═══ Available records

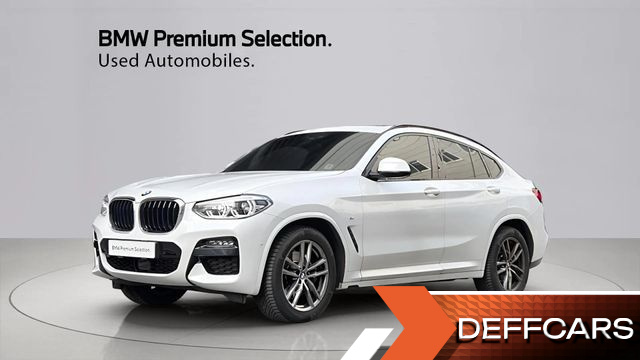 BMW X4 xDrive20d M Sport купить на сайте DeffCars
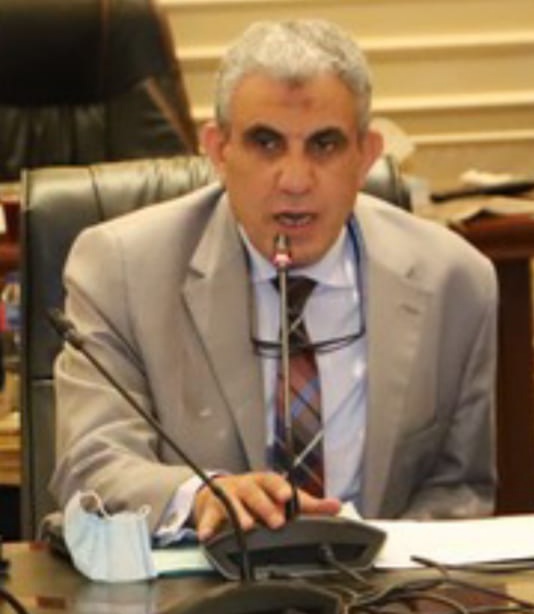 رئيس القوى العاملة بالنواب يشيد بمنظومة الربط الإلكتروني بين مصر وليبيا :تتماشى مع "الإستراتيجية الوطنية"..وتحمى العامل المصري في الخارج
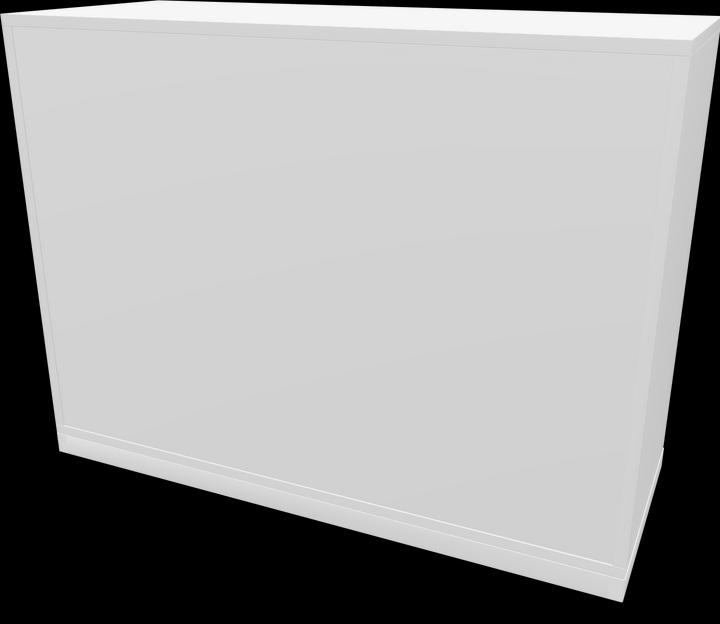 Pearl grey, White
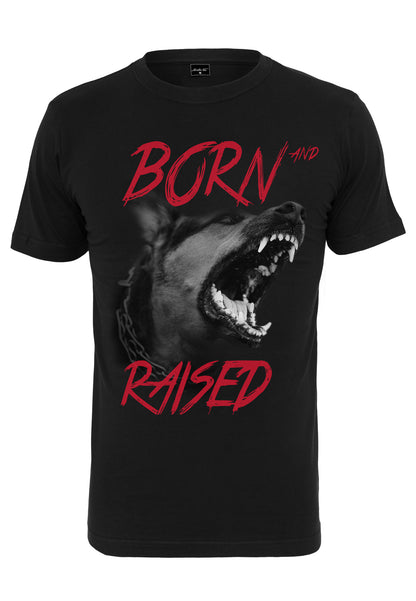 Born & Raised Tee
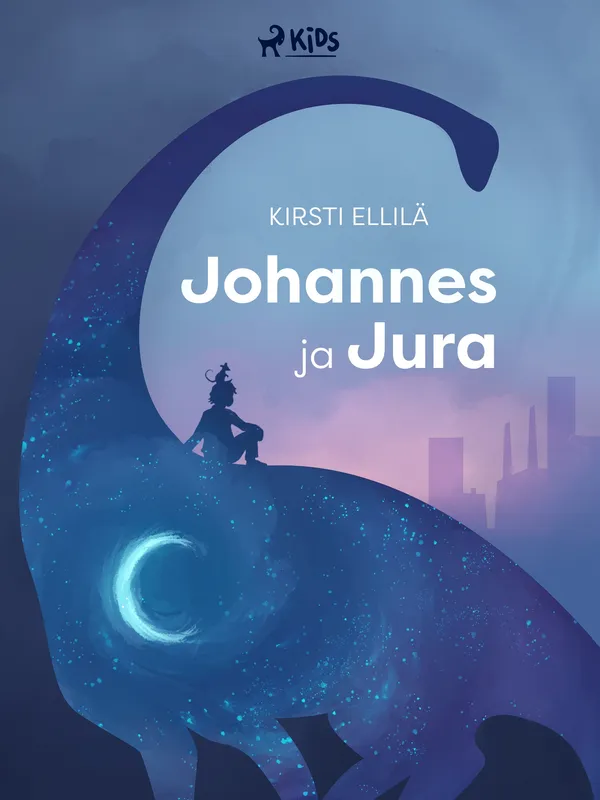 Johannes ja Jura, E-bok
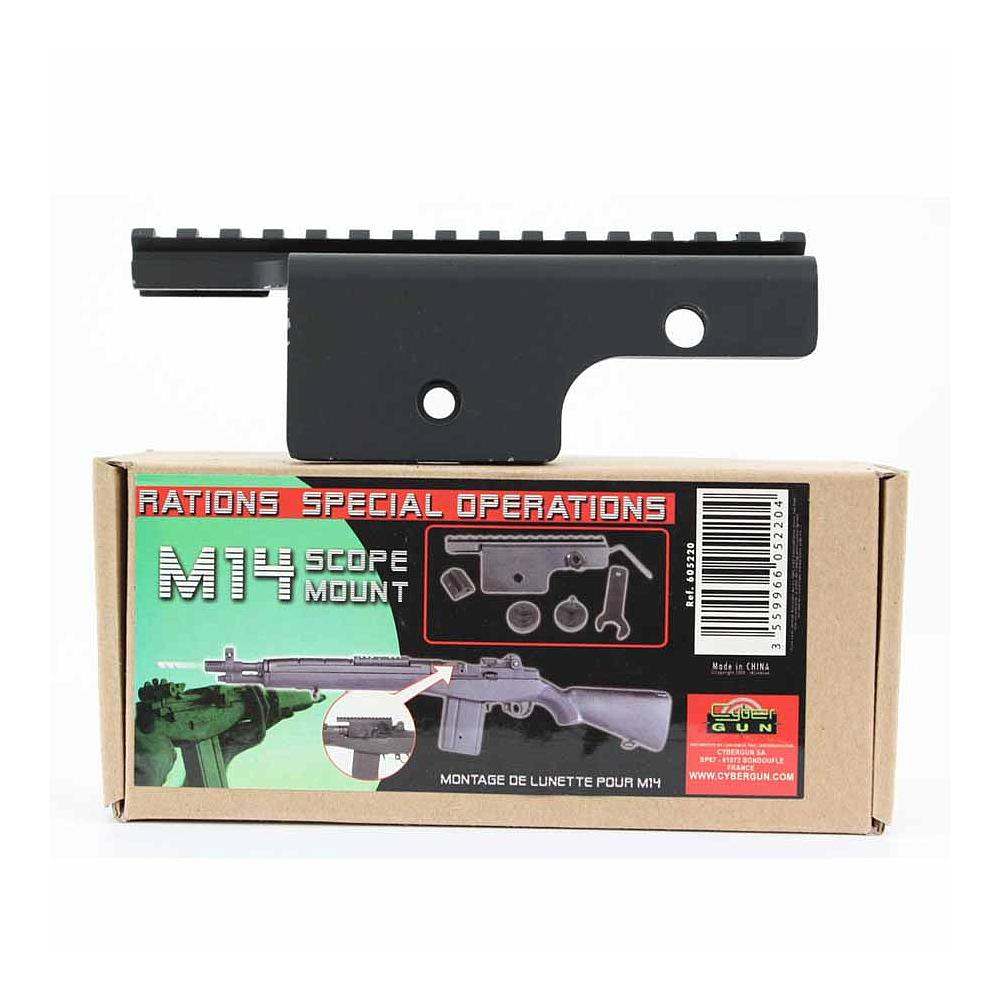 Rail de montage Métal pour Série M14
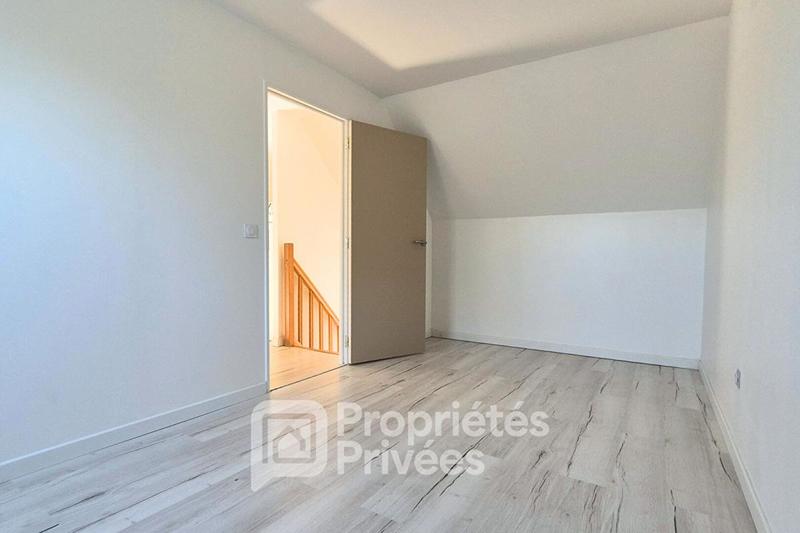 Maison - 85 m² - 5 pièces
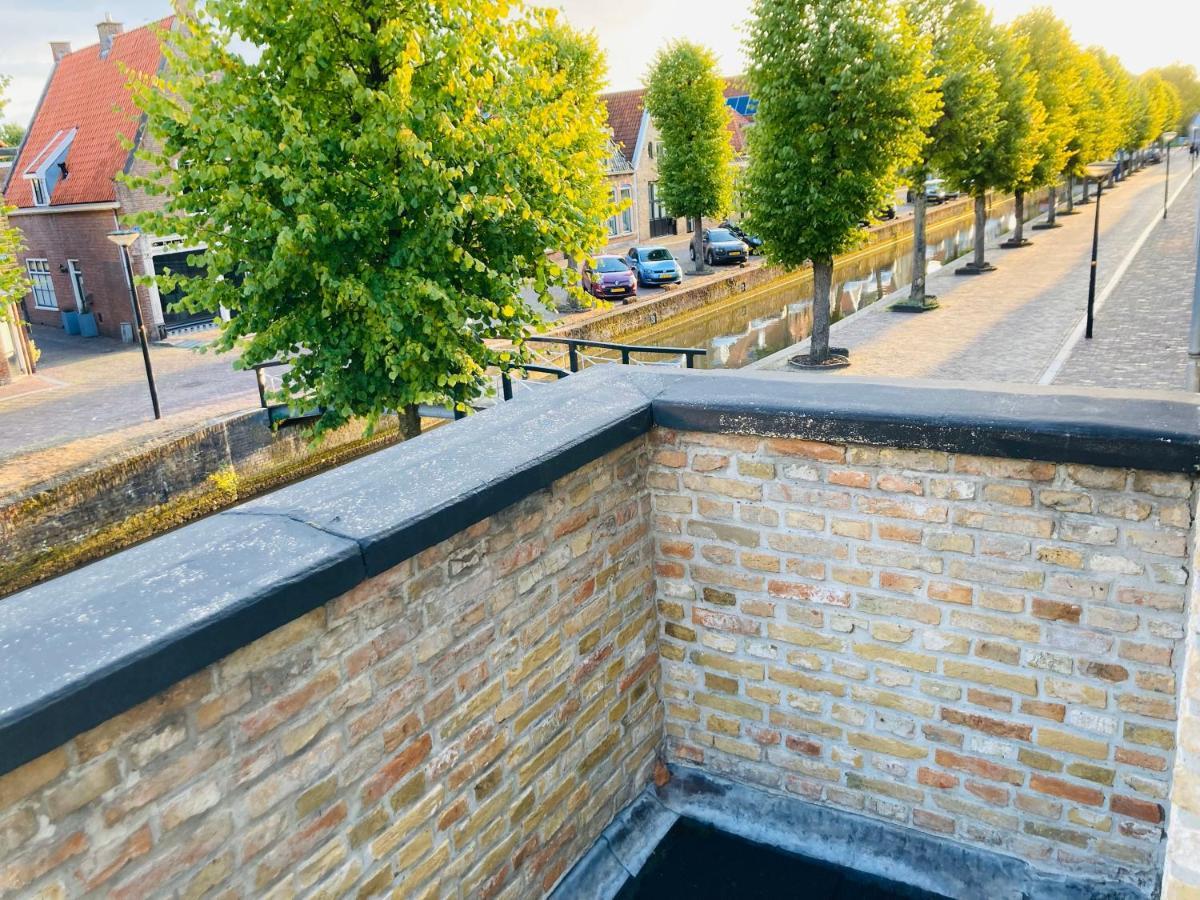 Stadshotel De Academie Franeker Eksteriør bilde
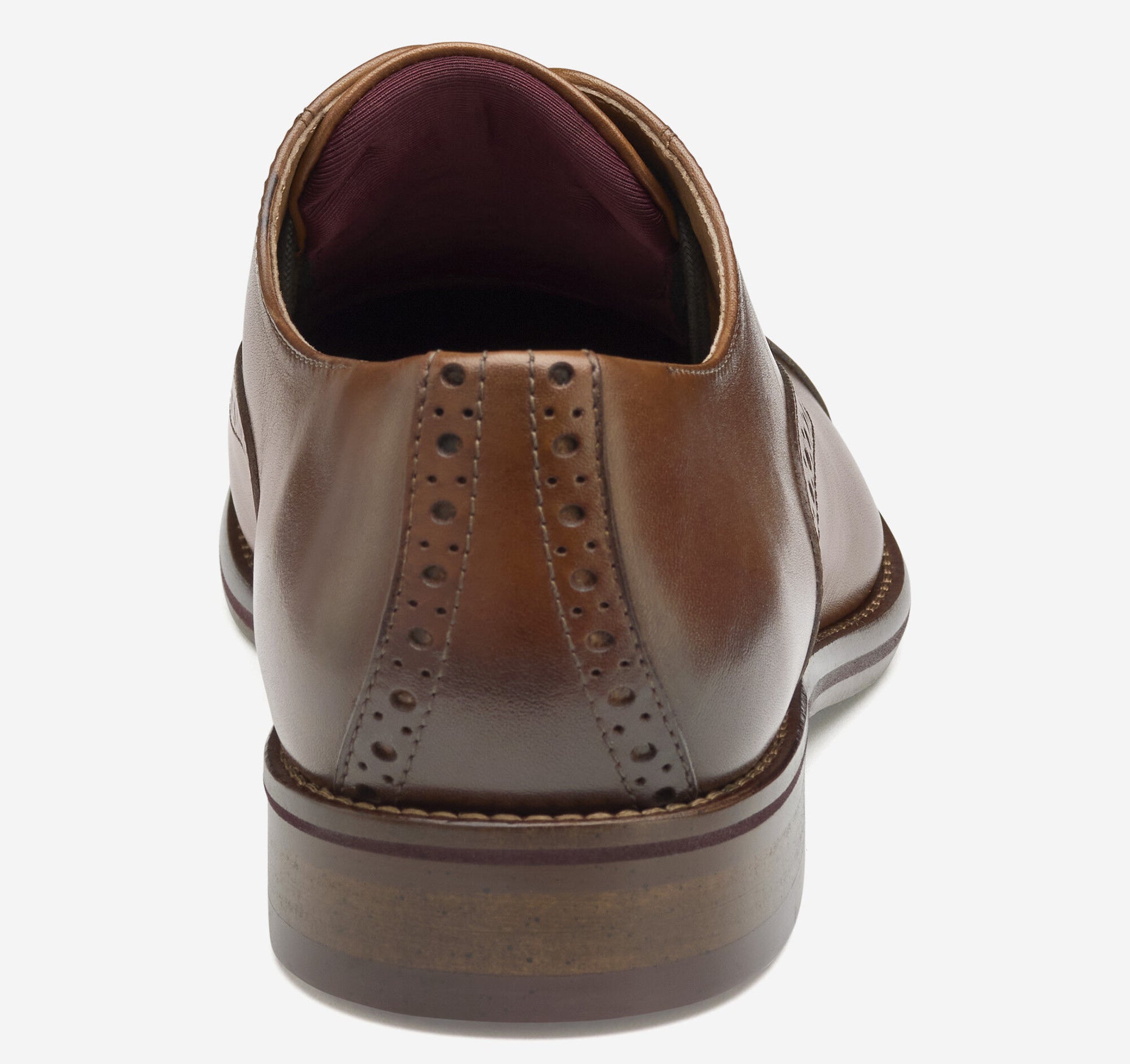 Johnston Murphy Men's Conard 2.0 Cap Toe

══════

### What you have to do
Return each entry exactly as it stands above, apart from any images.

### Result of the exercise
 BMW X4 xDrive20d M Sport купить на сайте DeffCars
 رئيس القوى العاملة بالنواب يشيد بمنظومة الربط الإلكتروني بين مصر وليبيا :تتماشى مع "الإستراتيجية الوطنية"..وتحمى العامل المصري في الخارج
 Pearl grey, White
 Born & Raised Tee
 Johannes ja Jura, E-bok
 Rail de montage Métal pour Série M14
 Maison - 85 m² - 5 pièces
 Stadshotel De Academie Franeker Eksteriør bilde
 Johnston Murphy Men's Conard 2.0 Cap Toe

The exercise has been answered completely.